These data points come from new research by BT and Cisco, which canvassed 2,200 IT managers and employees in 13 countries to learn how they felt about the way Wi-Fi access to corporate networks is being deployed in workplaces--or, in this case, not being deployed.

About one-third of U.S. workers surveyed, and 45% internationally, have no wireless access to their business networks at all--a major stumbling block in a world of BYOD, tablets and smartphones. They may have wireless access to the Internet at large, but not to the applications and systems on the corporate network. Yet workers want the freedom to use the wireless device of their choice on a business WLAN.

From the report:

... more than two-thirds [of IT workers surveyed] (68%) believe it would have a positive impact on their work, for example, it would make them more efficient and productive (31%), help them work more flexibly (30%) and stay in-touch (26%).

[Find out why IT isn't ready to go all-in on WLANs, and get linked to InformationWeek's 2013 Wireless LAN Survey, in the blog "The Future Is Wireless, But IT Hesitates."]

If using Wi-Fi, bringing one's own device and using consumer IT to gain a strategic advantage are all such winning propositions ("84% globally [of IT managers surveyed] think adopting a BYOD policy confers a competitive advantage"), what's keeping some companies from adopting them?

Lack of a consistent use policy, for one, according to the survey. But the survey also revealed a lingering distrust among IT managers regarding users armed with their own wireless devices. That distrust may be warranted. For instance, about 25% of IT managers now think "all workers understand their access requirements or permissions for their mobile devices," which is up from 19% last year. However, only 26% of the employees surveyed "recognize that [using a personal device for work] presents a risk to company security."

Workplaces may be slow to adopt Wi-Fi to access corporate networks, or eschew it entirely, for a variety of reasons. Some are leery of Wi-Fi's security, despite how VPNs and WPA-2 Enterprise encryption, or a combination of both, can go a long way toward providing security of a grade offered by a wired connection.

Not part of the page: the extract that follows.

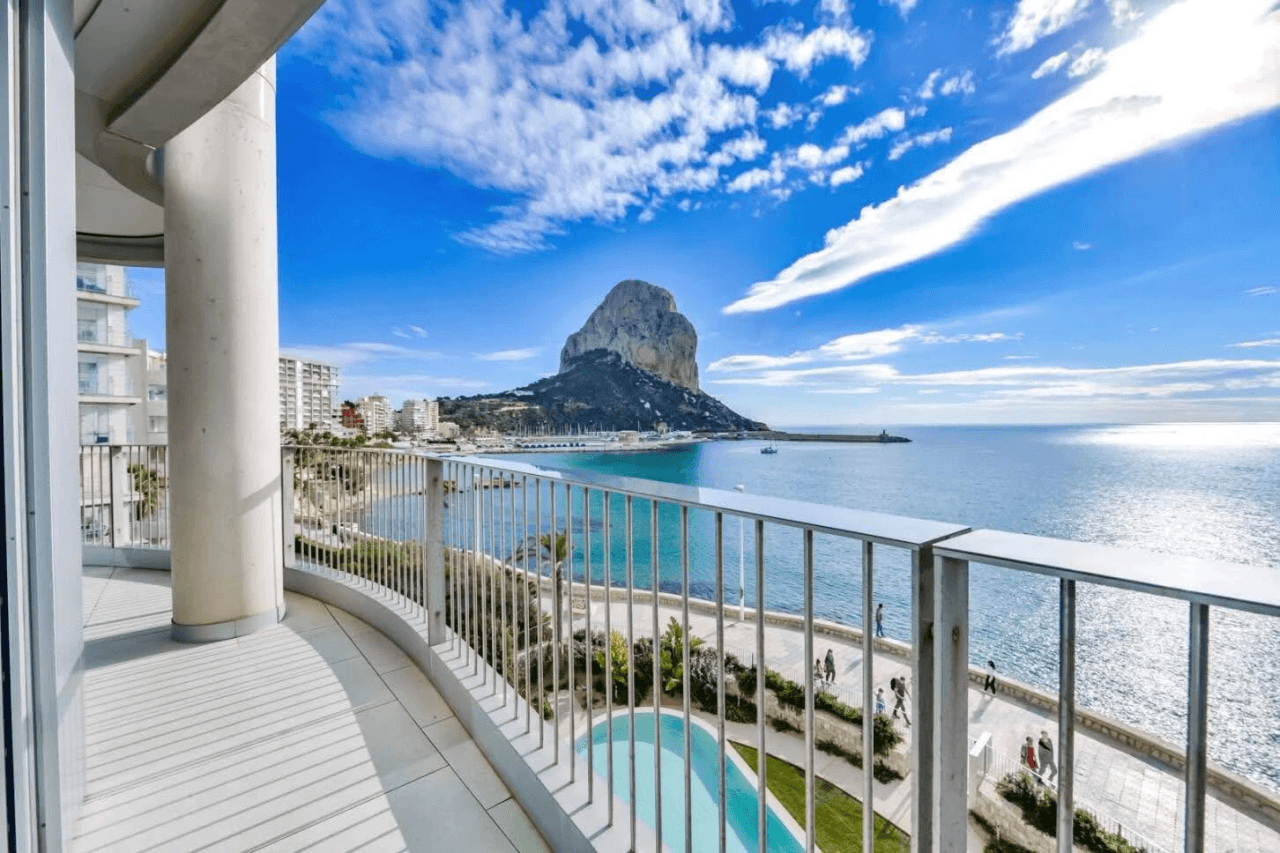 Eksklusiv og privat lejlighed på førstelinje ved havet i Calpe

Adoption also varies widely between industries. An earlier survey by Ubiquiti Networks, released at CTIA 2013, claimed that "transportation, government, automotive, retail and food services" ranked among the lowest for simply having Wi-Fi at all, let alone allowing corporate network access through it.

What's more, developing and implementing consistent timely policies for BYOD isn't trivial. A template created by an existing organization is a good starting point: Citrix Zenprise has one (registration required), as does the White House, and Symantec has chimed in with a flowchart for setting one up. None of those things, though, remove the heavy lifting needed to make a workplace BYOD/Wi-Fi access policy viable.